This piece is a long piece. I actually broke the reading of it into two sessions it’s so long. A small video is also on the website and informs the written account. I did really believe it was true until I saw the video. Until I saw the victims interviewed.
The piece is about a man named Jamison Bachman. By all accounts, he seemed quite normal to many people when they first him, but his true nature boarded on, dare I say, sociopathy (as overused and misunderstood as that word is these days).
Jamison, at first, portrayed normal social tendencies. Most of the people who let him stay with them enjoyed his company. But within weeks he would become reclusive and begin changing things within the house or apartment as though it was his right to do so. When confronted, Bachman would become overly confrontational. Rather than apologizing or making a case for his actions, he would try to make himself physically intimidating. Not long after this, he would refuse to pay rent.

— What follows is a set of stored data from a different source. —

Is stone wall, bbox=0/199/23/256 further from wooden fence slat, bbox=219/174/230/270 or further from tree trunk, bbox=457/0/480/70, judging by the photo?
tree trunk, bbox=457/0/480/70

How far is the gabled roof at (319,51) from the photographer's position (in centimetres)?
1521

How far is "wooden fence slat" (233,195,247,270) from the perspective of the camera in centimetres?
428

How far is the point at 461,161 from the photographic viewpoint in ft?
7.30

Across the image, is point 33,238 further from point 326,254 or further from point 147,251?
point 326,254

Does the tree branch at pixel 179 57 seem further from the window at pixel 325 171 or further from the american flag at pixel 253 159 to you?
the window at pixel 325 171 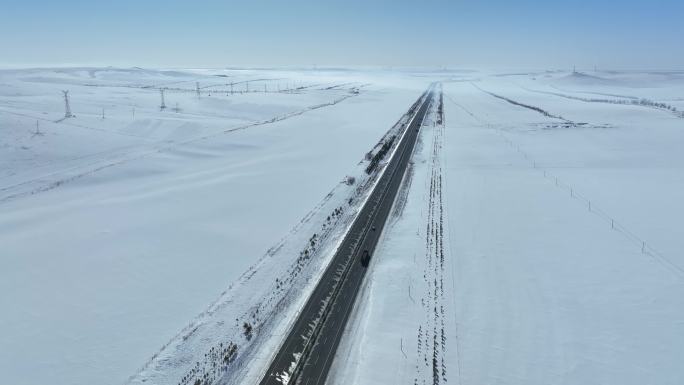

Again, when confronted he would become physically hostile, and then, since he had a law degree (though he never passed the Bar) would espouse jargon and his intricate understanding of lease agreements to sow doubt in his victims minds enough that they felt as though they couldn’t evict him without suffering serious financial burdens. If they filed a claim against him, he would turn around a file counterclaim. Typically, in the eyes of the court, he was polite, knowledgeable, and in the right. Later, when Bachman really lost his mind and met his match, a woman found files upon files of claims and suits people had taken against him and the actions he’d taken in retaliation.
Overall this is a fascinating piece, heartbreaking in its scope for both victims and perpetrator. A terrifying look at what people can do if they know how to take advantage of the system, and have the emotional capacity to do so.